# My First Inglot Haul!!



## ElvenEyes (May 4, 2011)

We don't have Inglot anywhere here and have to buy online, so I did lots of homework looking at swatches, reviews and so forth on the web and blogs and videos!  I made up 2 blush palettes (forgot to add one, so that will be fun to pick out) and one eyeshadow palette and a few other goodies. I look forward to trying these out. They pack everything extremely well and it is so much fun making up the palettes. Lots of product, too, and ranges from shimmers, mattes to satin like finishes.
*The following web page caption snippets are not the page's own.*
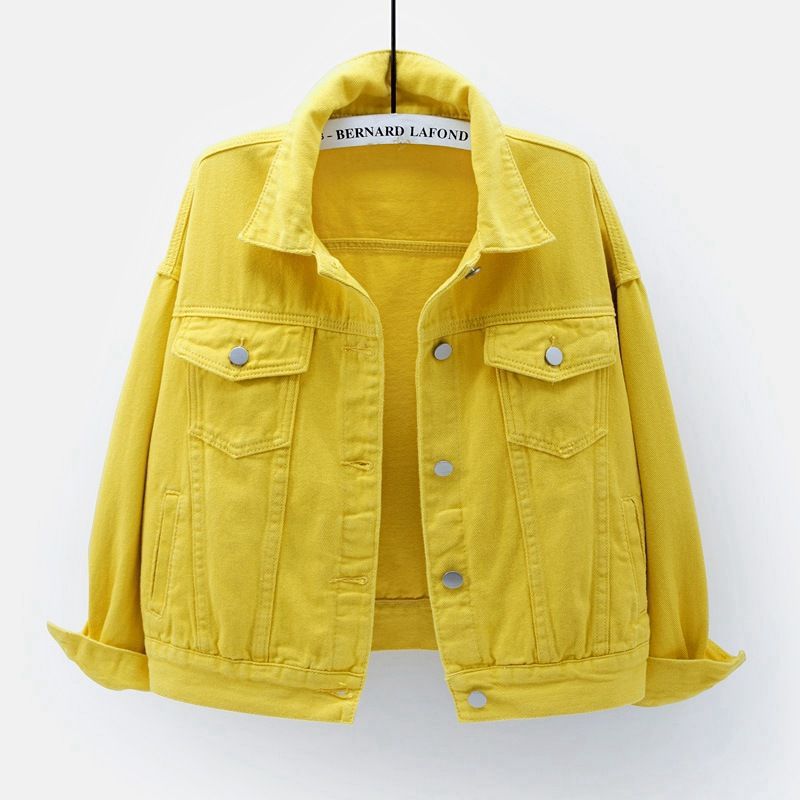 Plus Size Women's  Denim Jacket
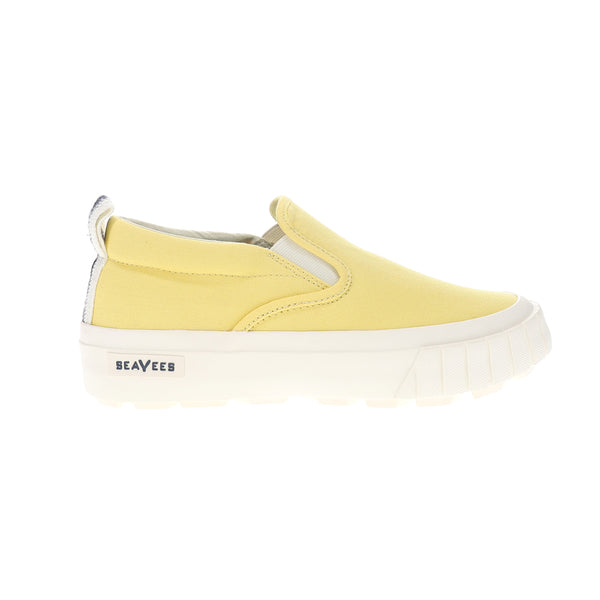 SeaVees Fairfax Lug‎ Slip On Mens Stone Canvas Sneakers Shoes 7.5 02775-00 Amazon.com | SEAVEES Womens Fairfax Lug Slip On Sneakers  main image 2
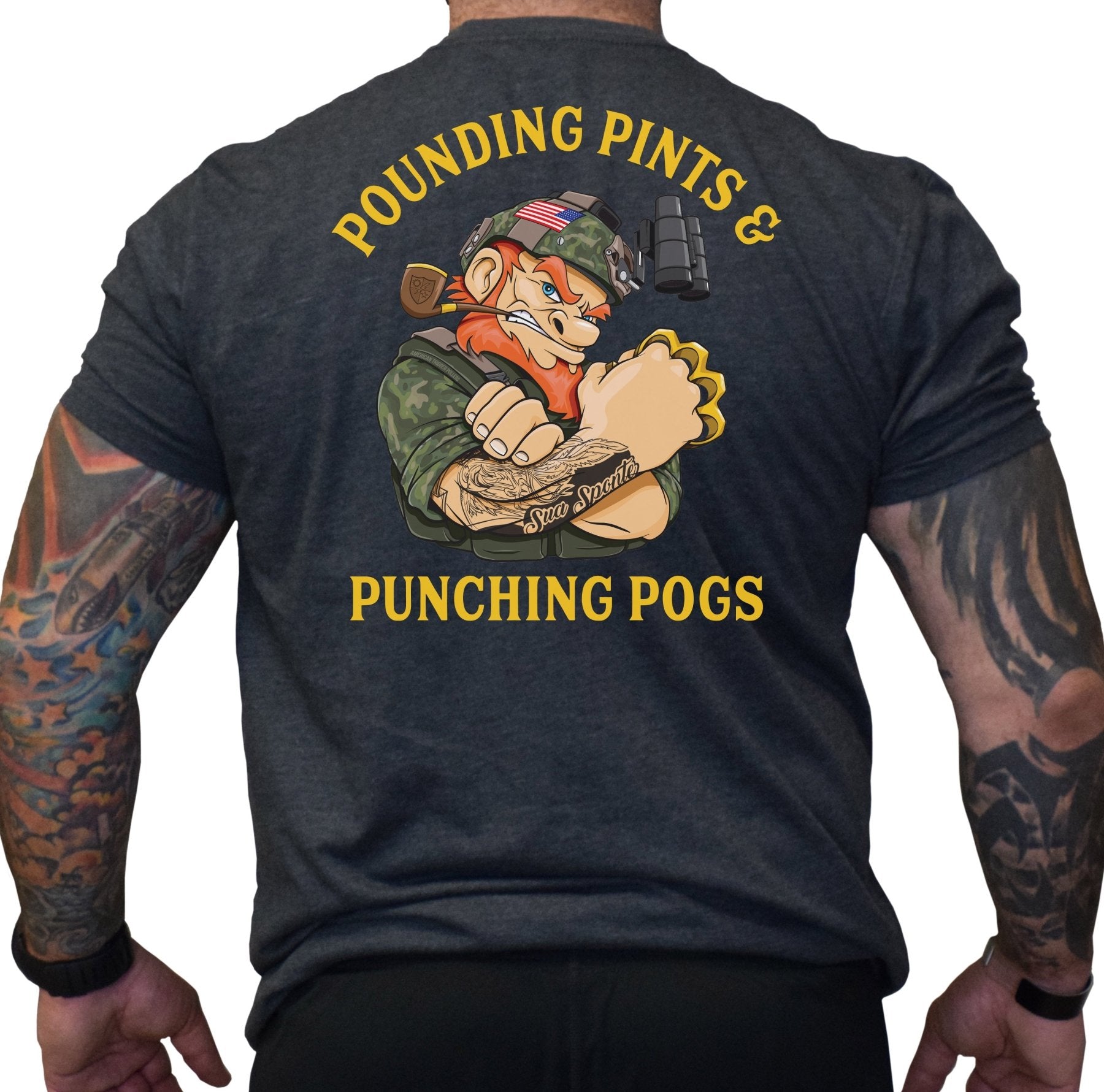 Pounding Pints Irish Ranger - Small - Shirt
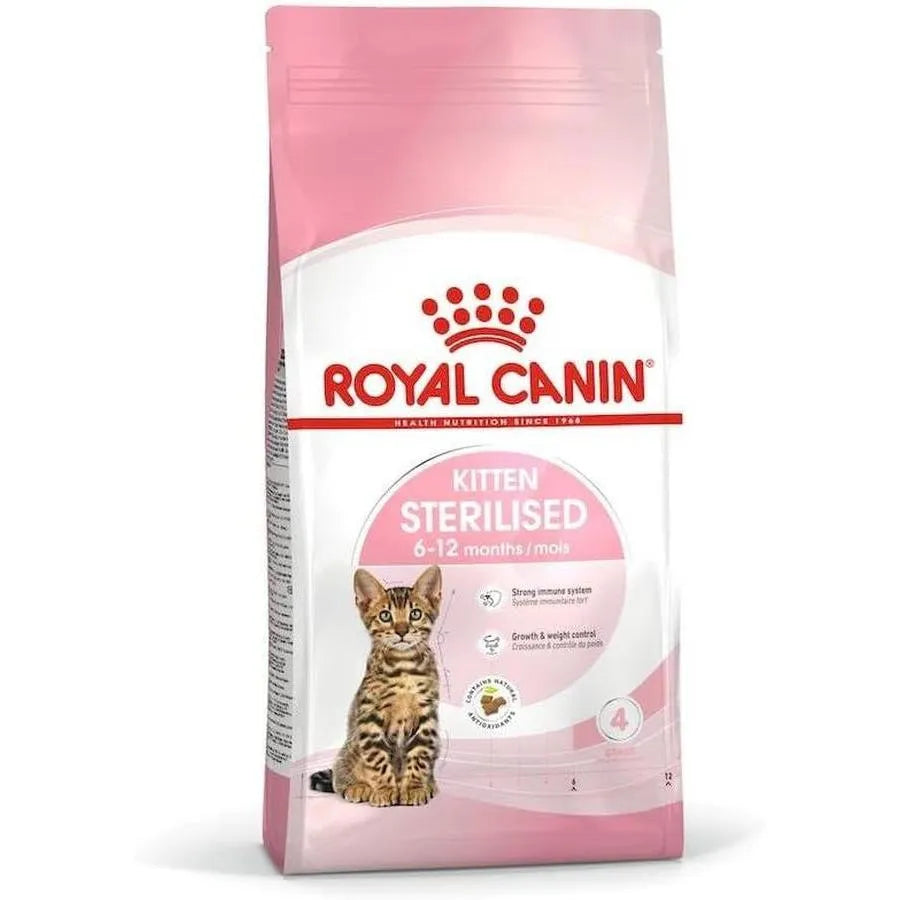 ROYAL CANIN Kitten Sterilised 3 x 400g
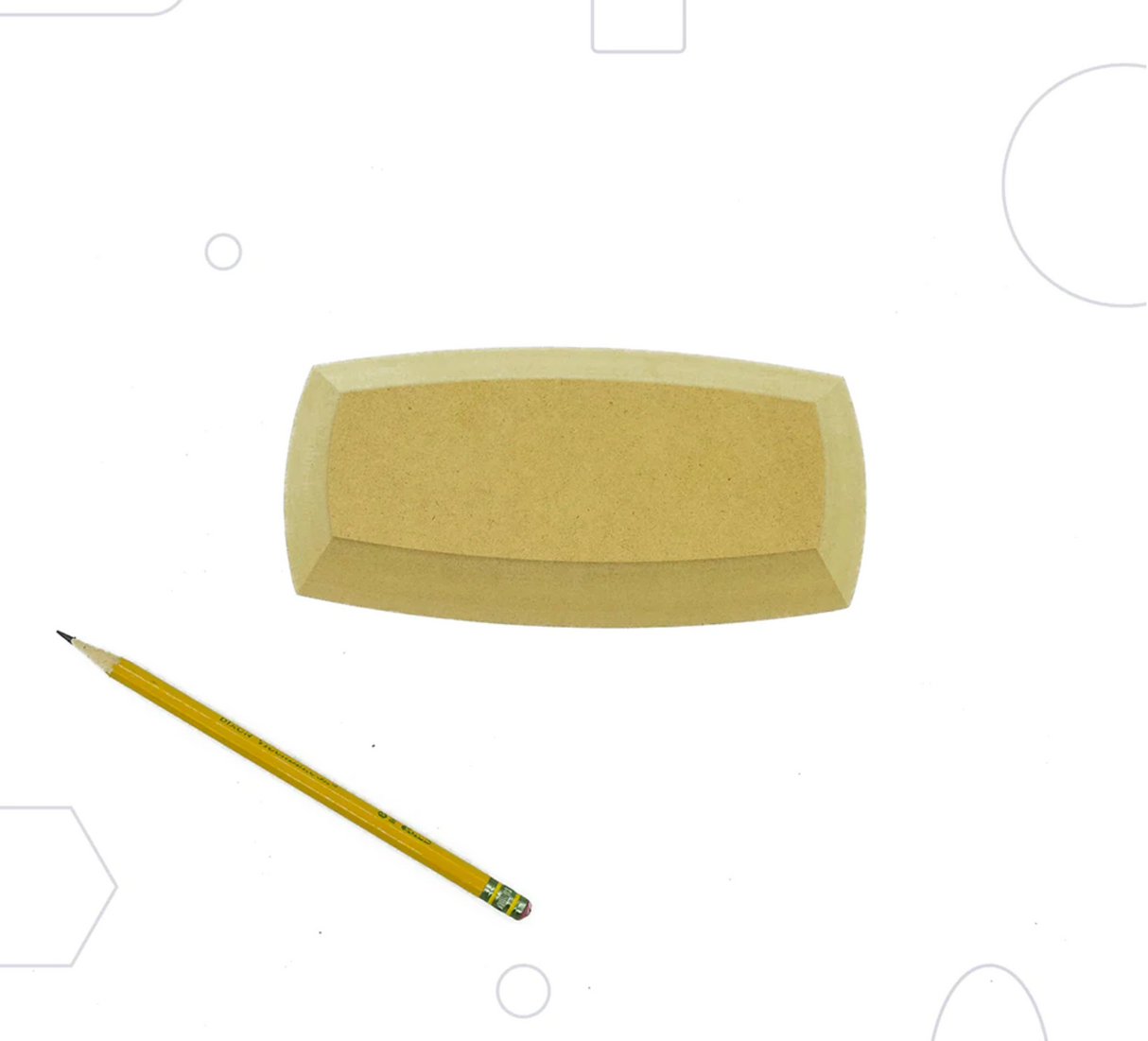 Spherical Rectangle Form, 4x8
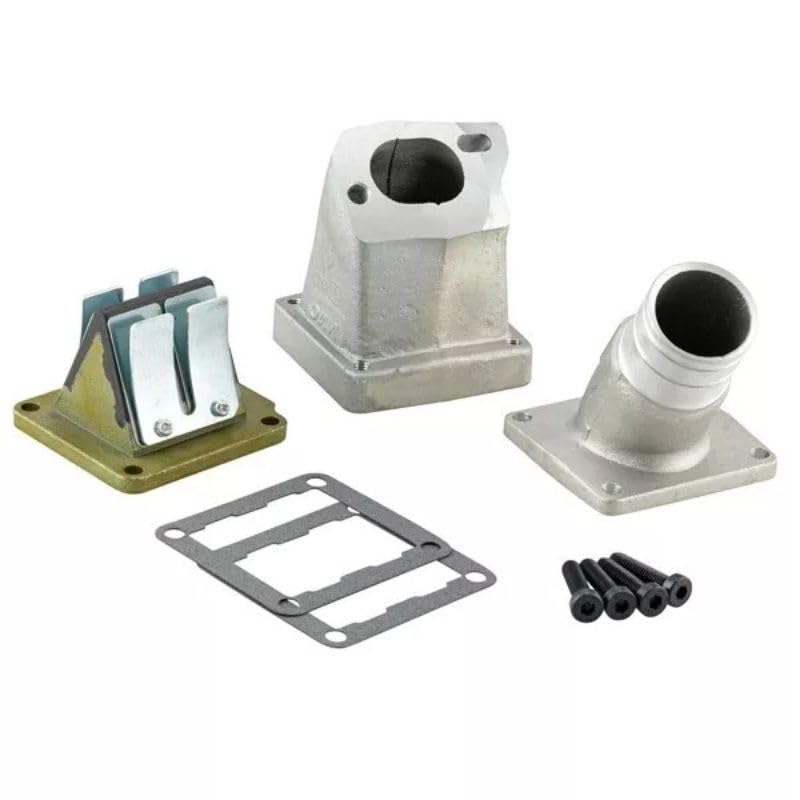 Collettore Aspirazione VMC Doppia Cuspide 2/3 Fori Attacco Ø 28-30mm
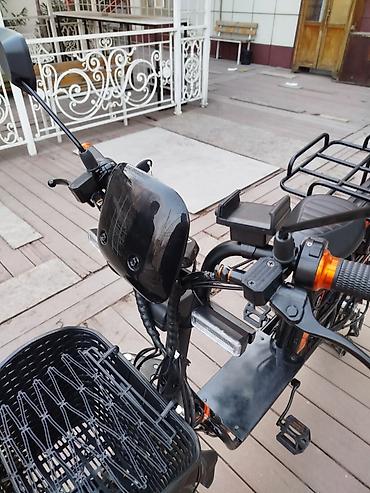 Электровелосипеды: Электровелосипед, Новый — 4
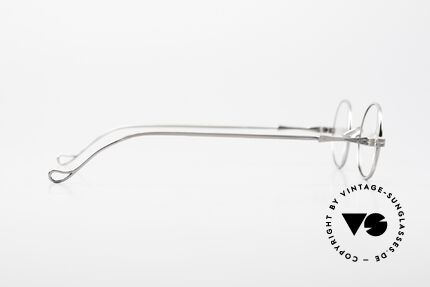Lunor II 10 Ovale Metallbrille Antik Silber, zeitlose Fassung; Unisex-Modell (Damen und Herren), Passend für Herren und Damen Lunor II 10 Ovale Metallbrille Antik Silber, zeitlose Fassung; Unisex-Modell (Damen und Herren), Passend für Herren und Damen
I love the clean lines of the magnetic Free Form palettes.  So here we go:

  	Eyeshadow palette:
  	351, 46, 395, 390, 461
  	460, 363, 459, 423, 378

  	Blush:
  	37, 20, 38, blank spot!

  	35, 34, 55, 59

  	Creme blush in 84, 88
  	Shimmer powder blush (looks a lot like NARS Anjelica) 36


----------



## heart (May 4, 2011)

very nice!  you make me want to try inglot.


----------



## alexheartsmac (May 4, 2011)

love it


----------



## naturallyfab (May 4, 2011)

I really want to try inglot! I hope you get the chance to do a review later!


----------



## Alicesandra (May 4, 2011)

Been looking at inglot lately, a review would be nice! Nice haul~


----------



## roLLerGrrL (May 5, 2011)

Great palette! I have many of the same eyeshadow colours & I love them. -) Inglot's Matte & DS neutrals are excellent.


----------



## mtrimier (May 5, 2011)

cool beans! I have a few of those shadow colors on my list to try out. Nice to see a regular photo of them!
  	Enjoy your goodies!


----------



## LMD84 (May 8, 2011)

you made great choices debi!


----------



## nunu (May 8, 2011)

Nice haul!


----------



## lexijojohnson (May 25, 2011)

Ooooh! What do you think of the creme blush?  I have #84 on my wishlist!


----------